A study by Carmel Cefai, from the University of Malta’s Centre for Resilience and Socio-Emotional Health, which assessed the health and well-being of almost 3,000 children aged between eight and 13 years in selected State, Church and independent schools, paints a depressing picture of lack of exercise, general inactivity and obesity among Maltese children.

Shockingly, the study found that eight- and nine-year-old children lead the most sedentary lifestyle compared to children in 15 other countries. When not at school, Maltese children spent the most of their time doing homework or on the computer. They dedicated the least amount of time to sports or exercise.

Not surprisingly, Prof. Cefai concluded that such an inactive lifestyle was having a profound impact on their quality of life, both now as children and as future adults, increasing their risk of multiple health problems. Childhood obesity is a serious health issue associated with physical complications as well as psychological health problems, such as low self-esteem, anxiety and depression both in the short and long term.

About a third of the children who participated in the study expressed concern over the lack of availability of places where they could play and (contrary to what most people assume about safety in Malta), 20 per cent did not feel totally safe walking in their locality, especially girls and younger children. In the survey and focus groups that followed, worry was expressed about safety issues as a result of crime, heavy traffic and the presence of strangers.

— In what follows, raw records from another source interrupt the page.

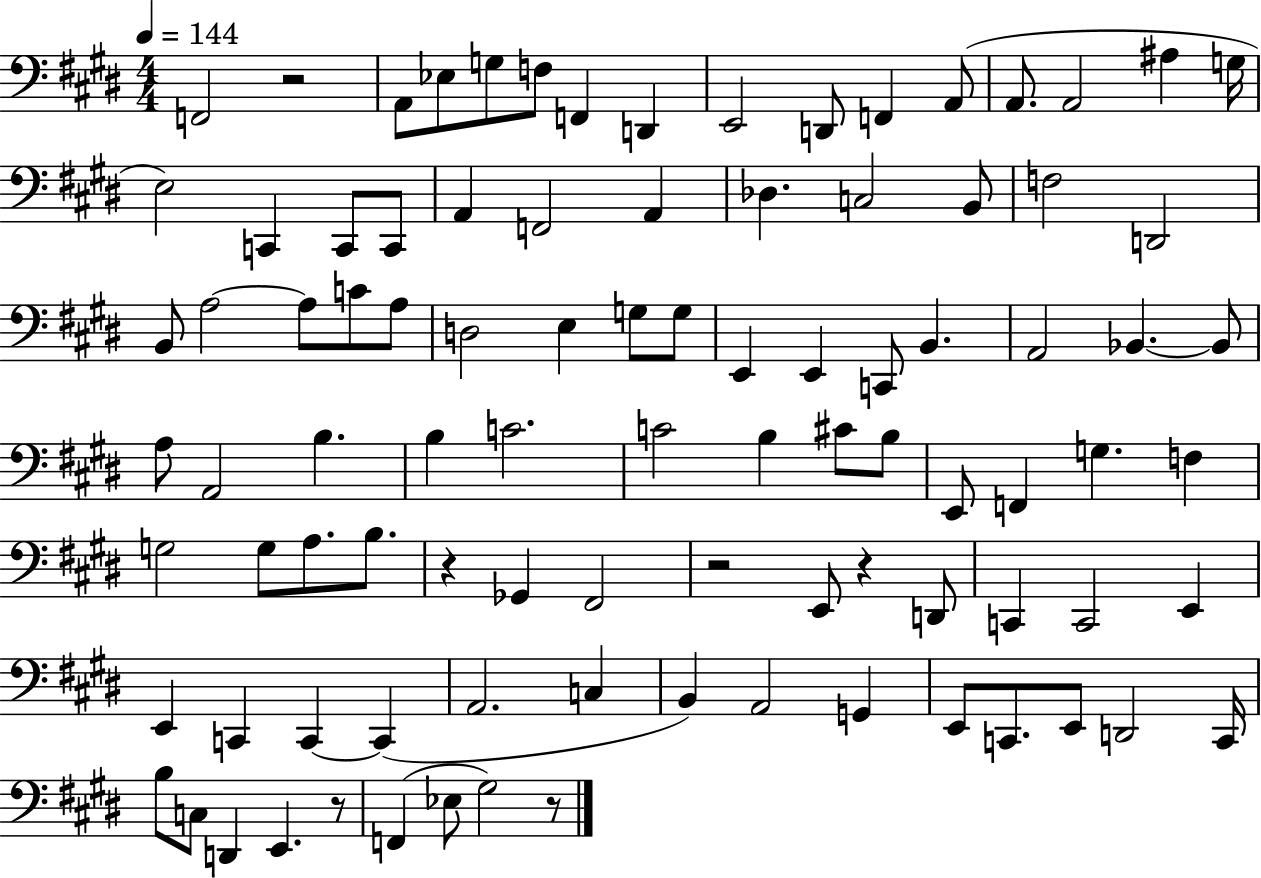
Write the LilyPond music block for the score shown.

{
  \clef bass
  \numericTimeSignature
  \time 4/4
  \key e \major
  \tempo 4 = 144
  \repeat volta 2 { f,2 r2 | a,8 ees8 g8 f8 f,4 d,4 | e,2 d,8 f,4 a,8( | a,8. a,2 ais4 g16 | \break e2) c,4 c,8 c,8 | a,4 f,2 a,4 | des4. c2 b,8 | f2 d,2 | \break b,8 a2~~ a8 c'8 a8 | d2 e4 g8 g8 | e,4 e,4 c,8 b,4. | a,2 bes,4.~~ bes,8 | \break a8 a,2 b4. | b4 c'2. | c'2 b4 cis'8 b8 | e,8 f,4 g4. f4 | \break g2 g8 a8. b8. | r4 ges,4 fis,2 | r2 e,8 r4 d,8 | c,4 c,2 e,4 | \break e,4 c,4 c,4~~ c,4( | a,2. c4 | b,4) a,2 g,4 | e,8 c,8. e,8 d,2 c,16 | \break b8 c8 d,4 e,4. r8 | f,4( ees8 gis2) r8 | } \bar "|."
}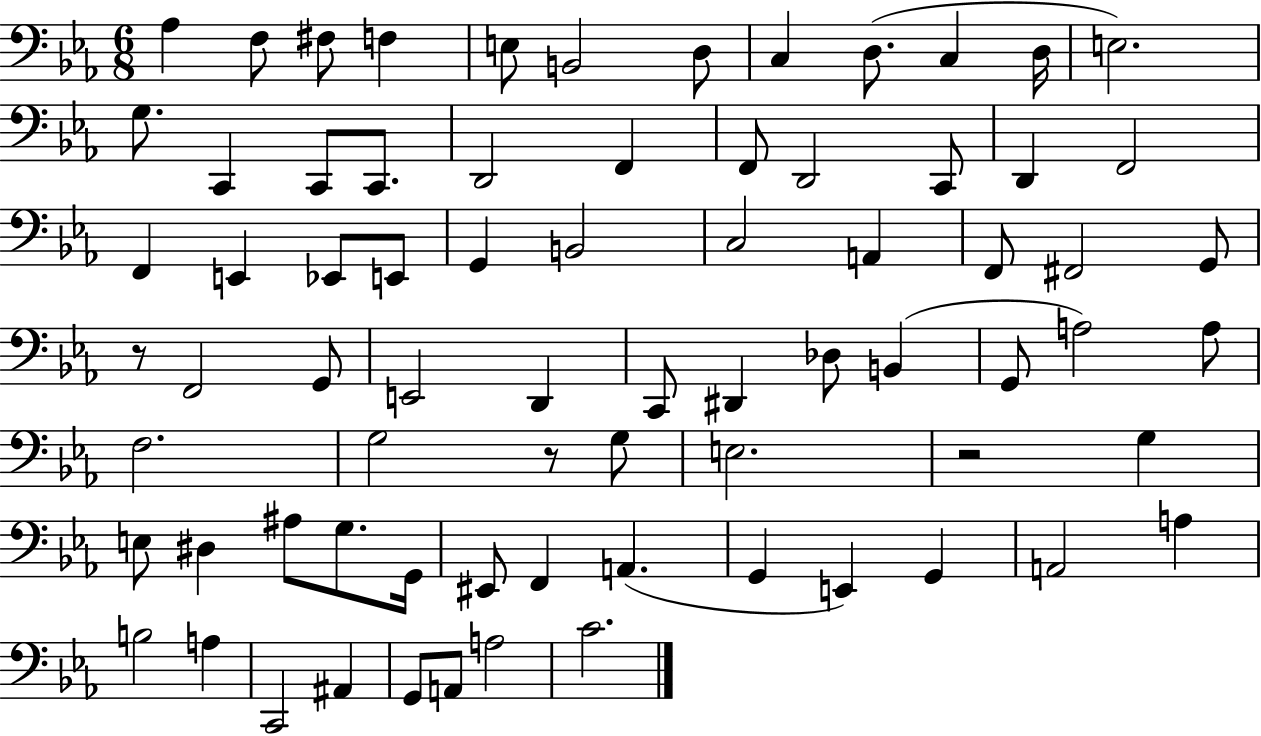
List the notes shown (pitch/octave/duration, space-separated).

Ab3/q F3/e F#3/e F3/q E3/e B2/h D3/e C3/q D3/e. C3/q D3/s E3/h. G3/e. C2/q C2/e C2/e. D2/h F2/q F2/e D2/h C2/e D2/q F2/h F2/q E2/q Eb2/e E2/e G2/q B2/h C3/h A2/q F2/e F#2/h G2/e R/e F2/h G2/e E2/h D2/q C2/e D#2/q Db3/e B2/q G2/e A3/h A3/e F3/h. G3/h R/e G3/e E3/h. R/h G3/q E3/e D#3/q A#3/e G3/e. G2/s EIS2/e F2/q A2/q. G2/q E2/q G2/q A2/h A3/q B3/h A3/q C2/h A#2/q G2/e A2/e A3/h C4/h.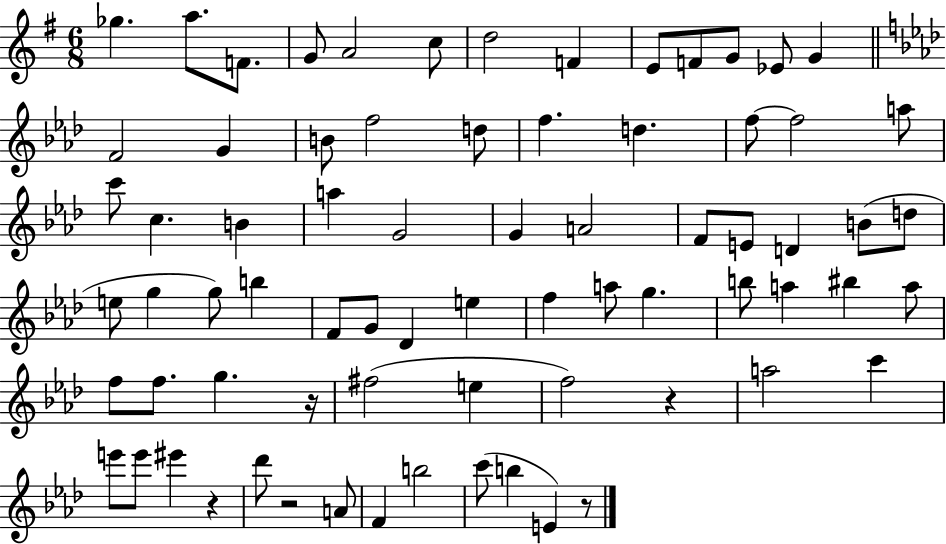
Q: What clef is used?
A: treble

When compared to the same age groups in other countries, Maltese eight-year-olds, in particular, were among the least satisfied with the area they lived or played in and whom they met. High-density population, encroaching urbanisation and shrinking countryside, as well as heavy traffic, were seen as some of the key factors affecting children’s quality of life and their ability to play, socialise and spend their leisure time in a relaxed environment.

In effect, Prof. Cefai’s report makes a plea for the Maltese to incorporate healthy living into their everyday lives from an early age. The statistics show that when it comes to healthy lifestyles and physical exercise, the Maltese are one of the most obese, lazy and car-dependent nations. If nothing is done by the authorities to encourage a healthy physical lifestyle on a nationwide basis, this will cast a long shadow over Malta’s future health.

There seems little appreciation of the importance and economic benefits of maintaining good health by appropriate preventive lifestyle measures aimed at reducing non-communicable diseases such as heart disease, obesity, type 2 diabetes and dementia. As the report highlights, a life-long healthy lifestyle starting in childhood reduces the likelihood of the aged becoming a future burden on society. Appropriate lifestyle changes from childhood could reduce the incidence and costs of ill-health in a range of diseases.

The report underlines that exercise is the thread that unites most preventive measures. It is hailed as a “miracle cure” and “best buy treatment” and increasingly recognised as the pivotal factor in reducing non-communicable diseases.

The introduction of appropriate lifestyle changes, including dietary modifications to control obesity, could save Malta’s health service millions of euros annually and, most importantly, enhance the longevity and quality of life of generations now growing up.